◆ **PROBLEM TO WORK ON**: Nothing but the lines from the one containing "Minimalist Japandi Sofa" through the last line of the records belongs in the answer, copied exactly and with the pictures left out.

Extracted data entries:
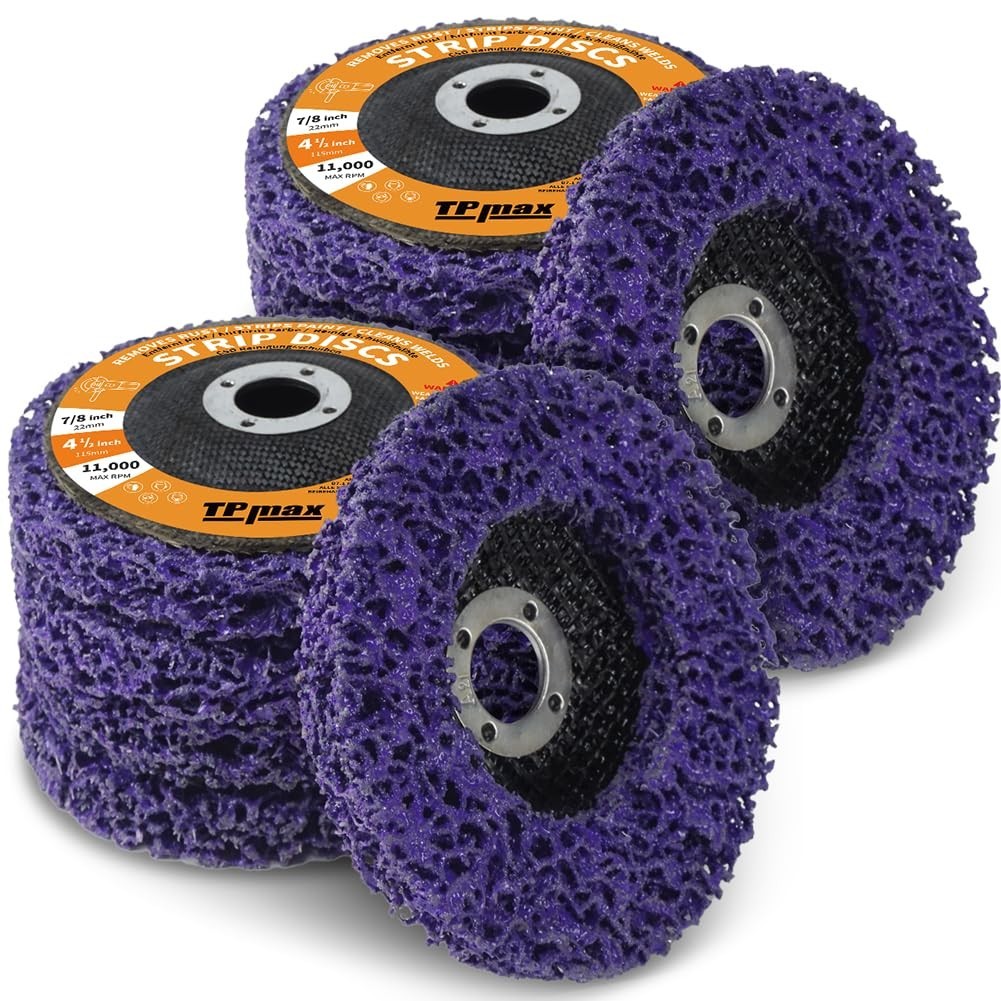 Effortless Paint & Rust Removal: 10-Pack 4-1/2″ Stripping Discs for Grinders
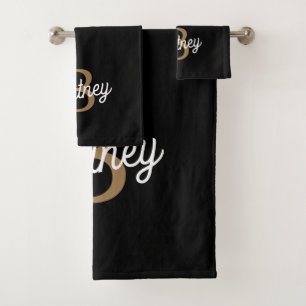 Modern Elegant Monogram Name  Black Gold Script  Bath Towel Set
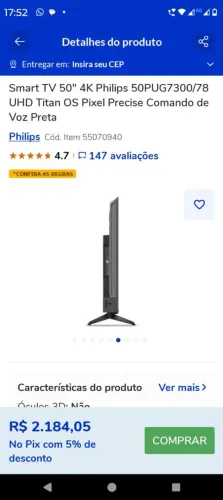 Tv plillips 50 polegadas modelo 50pug7300/78 nova na Caixa
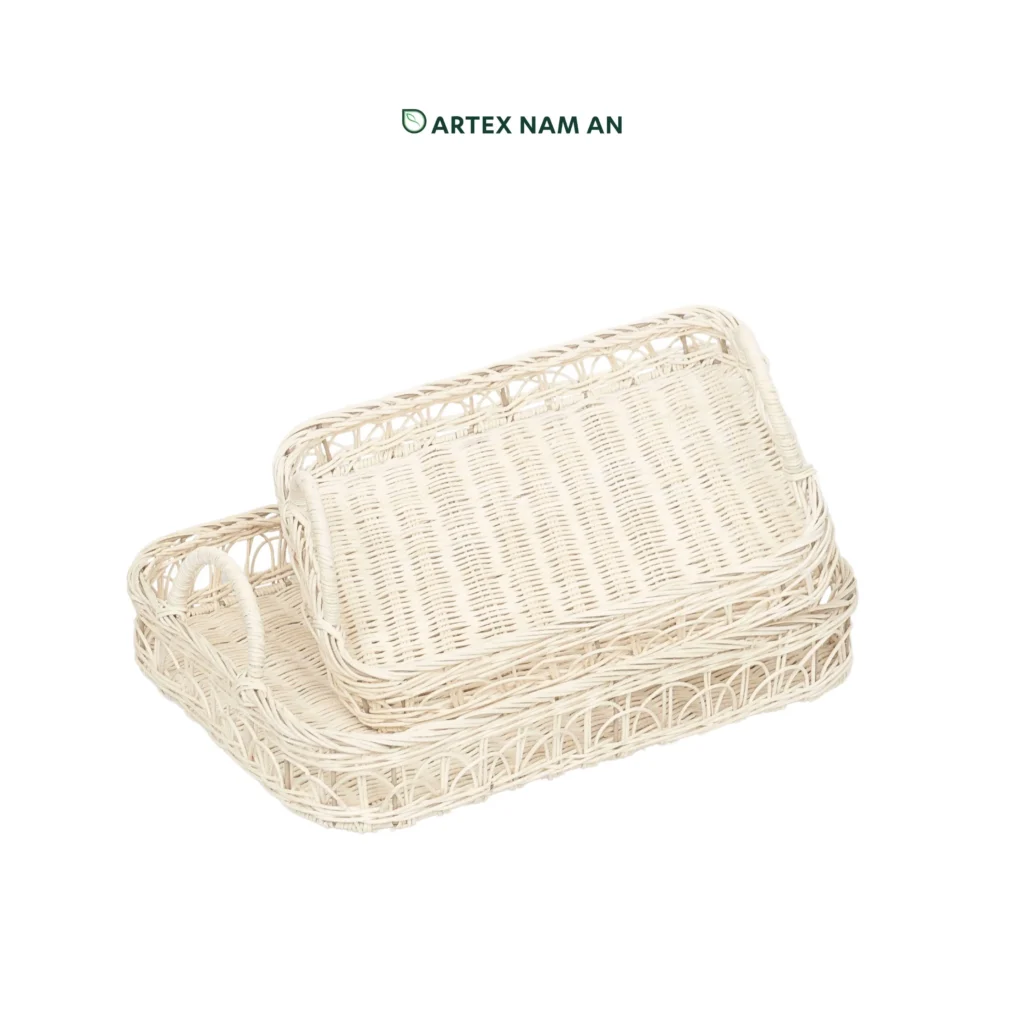 Wholesale Set of 2 Natural Rattan Tray in White for Table Decor and Organization | Handwoven Eco-Friendly Decorative Serving Trays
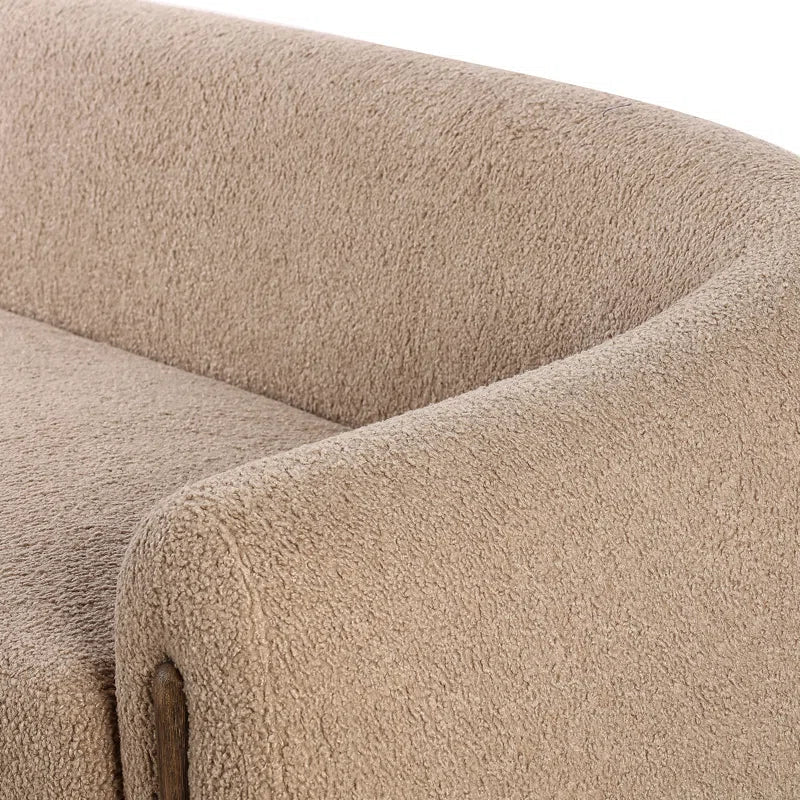 Minimalist Japandi Sofa in Soft Velvet - Japandi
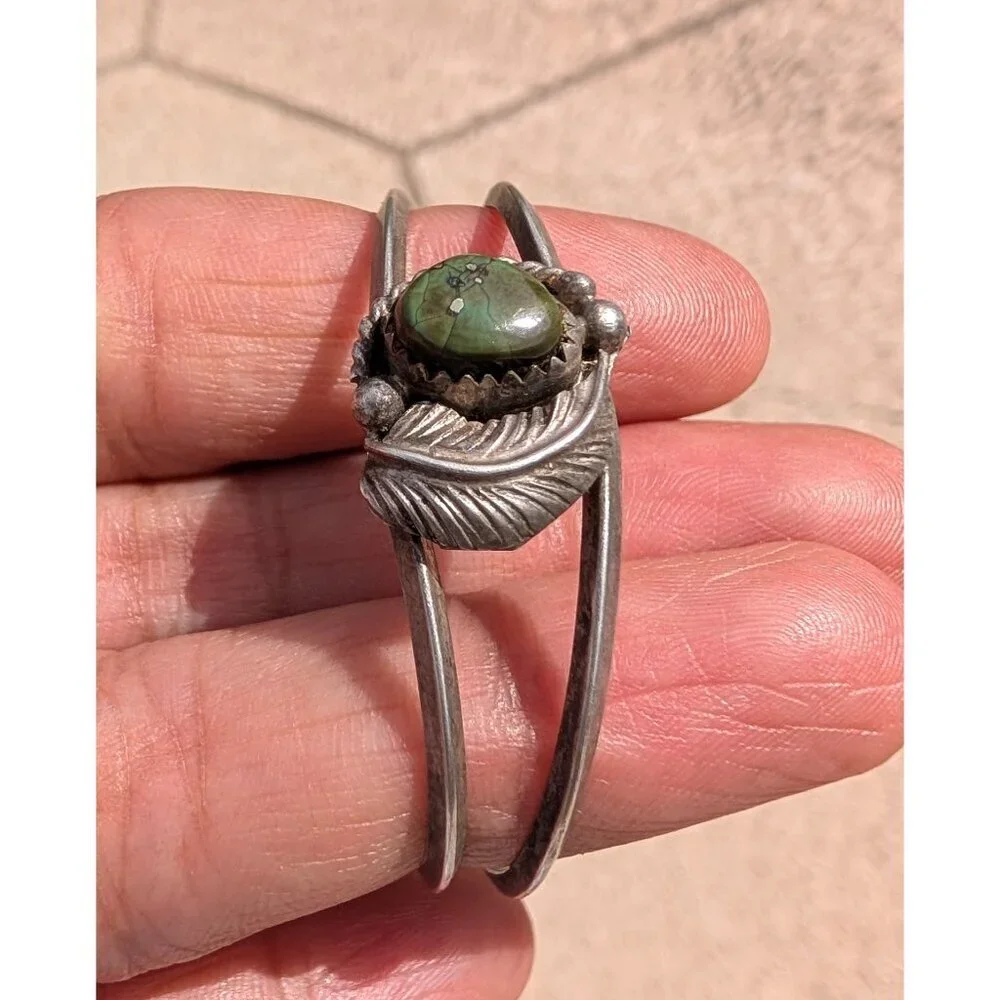 Navajo Sterling Silver & Turquoise Kids cuff Open Bracelet Native American 6.7g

◆ **TASK RESPONSE**:
 Minimalist Japandi Sofa in Soft Velvet - Japandi
 Navajo Sterling Silver & Turquoise Kids cuff Open Bracelet Native American 6.7g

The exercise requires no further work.